Congratulations! You have, without changing anything on paper, removed the hiring-and-firing power from the congregation; the priest installed from now on depends on the central episcopal appointing structure for pay and perks.
Accountability is thrown out of the window; one can still query a parochial spending decision (such as the misallocation of funds earmarked for clearly-stated other purposes), but one no longer has a right to timely information on committee deliberations and is presented with a fait accompli when minutes and accounts come out.
Are you seeing what this allows you to do? To take local funds and return them for local capital projects, on your terms. Mrs Miggins might have left her estate to repair the steeple, but if she and the parish councillors weren't too cute about salting her bequest away in a hands-off fund, the proceeds are going to find their way to the cathedral and back before some of the money might be graciously "released" or "disbursed" for repairs.
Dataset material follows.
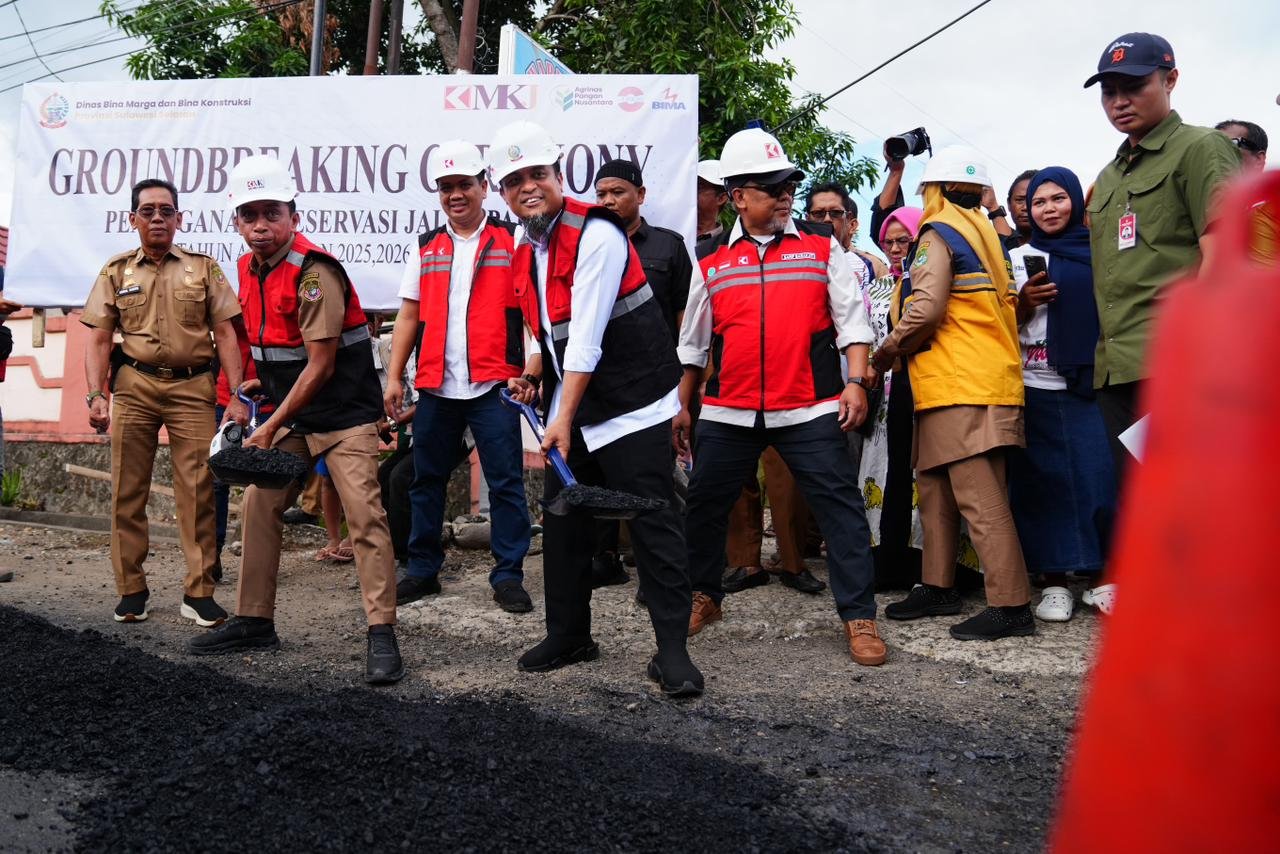 Gubernur Sulsel Benahi 254 Km Jalan di Kabupaten Sidrap, Groundbreaking Paket 3 MYC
Whereas a national association of thriving local assemblies (such as the Church of England always was historically) requires an unburdensome level of fee-paying to a federated staff of managers, this new model charges more for the same, and the manager is now supplied from above by the centre. (Compare this with public sector mumbo-jumbo training: only the monopoly-holder's magic words make a manager, and don't you go imagining you could get one of your own capable old hands locally to oversee anything.)
Congregations are denuded: the capital asset (the building) is no longer theirs, but the maintenance liability is theirs. Save the Steeple!
Conclusion
There are many questions to be asked of both Justin Welby and the Church of England, in respect of the real financial wealth of the C of E, its continued claims of poverty and its apparent inability to maintain the church estate. Clearly there are even more questions to be asked of Justin Welby himself, with respect to his clear enthusiasm for joining the world's money lenders in their quest to 'save the environment and the planet.' Have these bankers really changed their spots from vast greedy personal 'wealth creation' to helping the common man in a fully Christian sense? Few would think so.
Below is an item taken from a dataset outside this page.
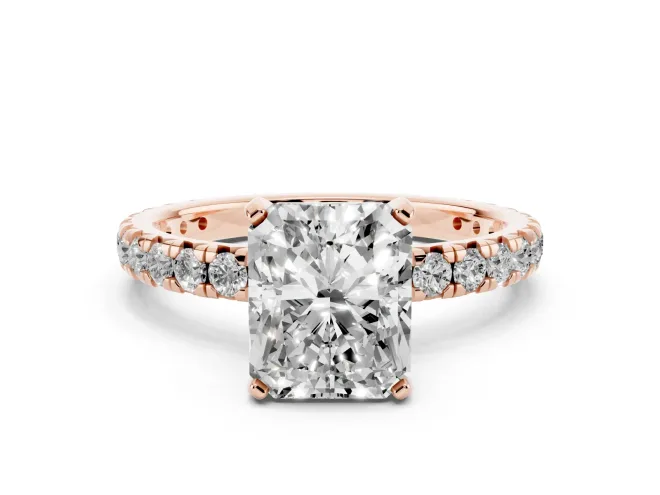 Radiant Cut Diamond Pavé Solitaire Ring Set in Rose gold with Round Band and Prong Setting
That his money table efforts can raise some £17.1 trillion pounds is nothing short of astonishing. That he can do this whilst people go hungry and live on the streets in his C of E Parishes is perhaps more astonishing. Meanwhile, his churches decay and disappear for want of, in comparison, pitiful amounts of money.
Such being the priorities of the Church of England's hierarchy now, it is little wonder that the version of the Lord's Prayer now used in its own liturgy and found in the Bible translations most often placed in its pews no longer has "And forgive us our debts" (despite that being the evident meaning of Greek ὀφειλήματα at Matthew 6:12 and used as far back as Wycliffe's fourteenth-century English Bible).
Jesus Christ delivered a stark and simple message in the overturning of the tables of the money lenders. Just how can Archbishop of Canterbury Welby feast at their table, awash in their financial spoils, whilst calling us all to "save the planet"?